PROMPT — Everything from the line containing "Par de zapatillas" through the line containing "Fürst Albert II." in the listing below should be copied exactly, and nothing more.

MATERIAL PROVIDED —

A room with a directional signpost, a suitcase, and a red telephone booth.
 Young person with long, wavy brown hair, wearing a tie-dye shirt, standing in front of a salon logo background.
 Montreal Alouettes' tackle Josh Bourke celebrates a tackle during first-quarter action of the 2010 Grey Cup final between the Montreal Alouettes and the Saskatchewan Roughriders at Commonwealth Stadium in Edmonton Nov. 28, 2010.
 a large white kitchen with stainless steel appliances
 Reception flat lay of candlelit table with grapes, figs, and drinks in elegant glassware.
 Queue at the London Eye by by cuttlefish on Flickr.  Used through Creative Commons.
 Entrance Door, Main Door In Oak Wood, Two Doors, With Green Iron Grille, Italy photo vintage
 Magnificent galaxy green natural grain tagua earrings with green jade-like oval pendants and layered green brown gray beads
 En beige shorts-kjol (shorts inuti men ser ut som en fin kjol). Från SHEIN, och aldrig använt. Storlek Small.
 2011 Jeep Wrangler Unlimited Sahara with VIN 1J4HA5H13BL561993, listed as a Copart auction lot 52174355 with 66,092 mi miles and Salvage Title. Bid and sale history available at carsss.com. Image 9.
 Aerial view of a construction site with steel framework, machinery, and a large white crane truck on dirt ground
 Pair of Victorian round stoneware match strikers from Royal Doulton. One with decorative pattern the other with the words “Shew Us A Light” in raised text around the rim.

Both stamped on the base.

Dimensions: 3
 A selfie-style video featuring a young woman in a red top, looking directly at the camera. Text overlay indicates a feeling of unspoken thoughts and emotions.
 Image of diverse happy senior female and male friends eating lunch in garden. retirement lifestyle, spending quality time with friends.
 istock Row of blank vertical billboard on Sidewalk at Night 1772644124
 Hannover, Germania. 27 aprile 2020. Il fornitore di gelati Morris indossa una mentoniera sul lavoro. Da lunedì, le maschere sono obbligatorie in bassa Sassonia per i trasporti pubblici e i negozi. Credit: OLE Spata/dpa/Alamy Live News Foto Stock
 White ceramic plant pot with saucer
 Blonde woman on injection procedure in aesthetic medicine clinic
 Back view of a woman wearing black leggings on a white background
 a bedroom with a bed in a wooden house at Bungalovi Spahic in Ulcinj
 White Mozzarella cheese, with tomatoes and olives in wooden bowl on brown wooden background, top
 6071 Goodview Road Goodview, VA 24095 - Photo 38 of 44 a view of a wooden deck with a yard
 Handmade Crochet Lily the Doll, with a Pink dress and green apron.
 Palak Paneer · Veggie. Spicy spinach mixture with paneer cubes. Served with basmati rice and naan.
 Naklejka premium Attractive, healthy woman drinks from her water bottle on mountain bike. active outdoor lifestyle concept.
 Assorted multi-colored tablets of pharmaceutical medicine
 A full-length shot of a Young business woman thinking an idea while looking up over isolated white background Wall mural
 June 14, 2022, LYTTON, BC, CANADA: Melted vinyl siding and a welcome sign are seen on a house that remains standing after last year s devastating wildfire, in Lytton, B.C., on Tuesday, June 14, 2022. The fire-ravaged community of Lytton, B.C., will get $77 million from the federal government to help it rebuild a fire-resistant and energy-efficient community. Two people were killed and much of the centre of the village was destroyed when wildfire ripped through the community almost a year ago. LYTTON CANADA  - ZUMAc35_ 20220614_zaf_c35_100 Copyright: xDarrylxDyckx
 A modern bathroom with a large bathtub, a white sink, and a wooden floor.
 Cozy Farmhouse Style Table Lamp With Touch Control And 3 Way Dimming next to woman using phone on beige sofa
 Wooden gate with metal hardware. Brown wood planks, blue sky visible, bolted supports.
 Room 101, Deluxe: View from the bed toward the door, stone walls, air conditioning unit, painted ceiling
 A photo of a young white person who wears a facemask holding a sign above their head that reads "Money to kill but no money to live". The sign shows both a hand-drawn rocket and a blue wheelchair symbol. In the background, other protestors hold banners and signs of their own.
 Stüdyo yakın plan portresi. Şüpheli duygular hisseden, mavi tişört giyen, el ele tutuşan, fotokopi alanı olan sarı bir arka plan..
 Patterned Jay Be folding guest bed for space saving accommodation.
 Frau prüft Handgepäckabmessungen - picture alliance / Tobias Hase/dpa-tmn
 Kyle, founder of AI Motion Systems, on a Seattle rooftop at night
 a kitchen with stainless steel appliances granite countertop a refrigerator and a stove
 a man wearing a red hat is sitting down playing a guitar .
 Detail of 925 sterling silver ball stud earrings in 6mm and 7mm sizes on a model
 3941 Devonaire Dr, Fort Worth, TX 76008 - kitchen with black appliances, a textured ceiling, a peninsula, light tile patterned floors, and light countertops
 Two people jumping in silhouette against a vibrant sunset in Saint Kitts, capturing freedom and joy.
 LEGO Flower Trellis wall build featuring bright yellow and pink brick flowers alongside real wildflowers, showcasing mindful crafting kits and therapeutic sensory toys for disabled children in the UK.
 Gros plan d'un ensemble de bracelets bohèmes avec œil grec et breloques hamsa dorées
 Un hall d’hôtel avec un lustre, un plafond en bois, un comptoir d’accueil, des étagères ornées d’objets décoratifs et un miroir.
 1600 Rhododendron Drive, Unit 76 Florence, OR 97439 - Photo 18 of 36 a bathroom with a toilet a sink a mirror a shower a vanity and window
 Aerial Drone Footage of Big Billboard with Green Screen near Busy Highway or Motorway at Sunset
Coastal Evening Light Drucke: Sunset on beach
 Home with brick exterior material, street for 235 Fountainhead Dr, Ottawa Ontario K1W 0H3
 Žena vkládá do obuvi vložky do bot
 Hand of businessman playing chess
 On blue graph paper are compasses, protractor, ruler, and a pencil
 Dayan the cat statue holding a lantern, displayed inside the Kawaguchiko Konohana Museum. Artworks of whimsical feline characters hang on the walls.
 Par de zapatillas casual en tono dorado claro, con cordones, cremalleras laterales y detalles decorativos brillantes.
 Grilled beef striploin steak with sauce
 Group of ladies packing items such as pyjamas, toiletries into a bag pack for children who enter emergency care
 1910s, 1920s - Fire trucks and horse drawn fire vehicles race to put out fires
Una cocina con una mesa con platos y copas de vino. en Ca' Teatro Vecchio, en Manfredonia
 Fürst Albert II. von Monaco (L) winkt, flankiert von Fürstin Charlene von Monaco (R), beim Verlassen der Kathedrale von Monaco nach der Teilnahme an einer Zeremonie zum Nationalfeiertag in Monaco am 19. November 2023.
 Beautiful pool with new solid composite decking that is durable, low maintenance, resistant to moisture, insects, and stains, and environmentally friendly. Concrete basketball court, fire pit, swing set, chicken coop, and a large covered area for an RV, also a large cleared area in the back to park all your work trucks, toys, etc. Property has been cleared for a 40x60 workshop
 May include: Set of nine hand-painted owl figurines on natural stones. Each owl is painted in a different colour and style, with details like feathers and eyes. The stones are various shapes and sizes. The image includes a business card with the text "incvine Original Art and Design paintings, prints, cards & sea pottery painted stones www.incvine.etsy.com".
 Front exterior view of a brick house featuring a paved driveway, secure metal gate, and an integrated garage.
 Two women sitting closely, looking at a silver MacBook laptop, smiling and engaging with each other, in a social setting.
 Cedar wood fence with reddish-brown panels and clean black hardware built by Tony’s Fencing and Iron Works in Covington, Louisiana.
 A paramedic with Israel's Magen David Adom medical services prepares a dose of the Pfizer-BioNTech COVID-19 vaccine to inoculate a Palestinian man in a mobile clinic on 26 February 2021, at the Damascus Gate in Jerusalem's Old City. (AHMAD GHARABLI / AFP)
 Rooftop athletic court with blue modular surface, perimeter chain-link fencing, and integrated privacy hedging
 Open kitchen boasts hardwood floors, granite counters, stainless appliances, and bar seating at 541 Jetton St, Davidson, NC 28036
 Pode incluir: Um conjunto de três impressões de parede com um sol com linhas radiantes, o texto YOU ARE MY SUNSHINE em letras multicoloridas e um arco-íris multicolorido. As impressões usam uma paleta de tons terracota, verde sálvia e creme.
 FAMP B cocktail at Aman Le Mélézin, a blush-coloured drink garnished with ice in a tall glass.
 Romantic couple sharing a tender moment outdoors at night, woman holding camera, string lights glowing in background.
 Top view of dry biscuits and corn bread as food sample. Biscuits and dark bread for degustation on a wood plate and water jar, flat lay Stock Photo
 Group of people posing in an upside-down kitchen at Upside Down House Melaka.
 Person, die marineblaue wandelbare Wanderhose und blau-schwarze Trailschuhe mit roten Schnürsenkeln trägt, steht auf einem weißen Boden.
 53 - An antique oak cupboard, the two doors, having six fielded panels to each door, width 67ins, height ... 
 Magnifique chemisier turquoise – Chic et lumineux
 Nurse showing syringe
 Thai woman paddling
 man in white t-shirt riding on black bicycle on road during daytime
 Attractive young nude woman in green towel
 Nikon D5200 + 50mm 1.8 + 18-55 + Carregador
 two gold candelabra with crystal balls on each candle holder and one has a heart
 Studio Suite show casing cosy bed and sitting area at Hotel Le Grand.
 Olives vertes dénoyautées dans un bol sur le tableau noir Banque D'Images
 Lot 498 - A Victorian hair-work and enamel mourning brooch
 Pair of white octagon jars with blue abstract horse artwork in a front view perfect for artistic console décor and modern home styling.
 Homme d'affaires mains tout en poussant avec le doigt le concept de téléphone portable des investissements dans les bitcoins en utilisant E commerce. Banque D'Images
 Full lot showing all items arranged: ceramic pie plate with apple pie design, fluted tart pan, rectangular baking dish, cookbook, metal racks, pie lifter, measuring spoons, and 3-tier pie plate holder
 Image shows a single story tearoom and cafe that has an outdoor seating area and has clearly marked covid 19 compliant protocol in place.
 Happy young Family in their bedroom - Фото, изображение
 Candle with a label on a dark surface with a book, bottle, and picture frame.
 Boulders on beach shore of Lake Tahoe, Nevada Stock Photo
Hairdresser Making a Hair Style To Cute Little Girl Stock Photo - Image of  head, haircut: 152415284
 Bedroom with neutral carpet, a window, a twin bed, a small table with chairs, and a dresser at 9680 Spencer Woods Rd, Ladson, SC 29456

SOLUTION FOR THIS TASK —
 Par de zapatillas casual en tono dorado claro, con cordones, cremalleras laterales y detalles decorativos brillantes.
 Grilled beef striploin steak with sauce
 Group of ladies packing items such as pyjamas, toiletries into a bag pack for children who enter emergency care
 1910s, 1920s - Fire trucks and horse drawn fire vehicles race to put out fires
Una cocina con una mesa con platos y copas de vino. en Ca' Teatro Vecchio, en Manfredonia
 Fürst Albert II. von Monaco (L) winkt, flankiert von Fürstin Charlene von Monaco (R), beim Verlassen der Kathedrale von Monaco nach der Teilnahme an einer Zeremonie zum Nationalfeiertag in Monaco am 19. November 2023.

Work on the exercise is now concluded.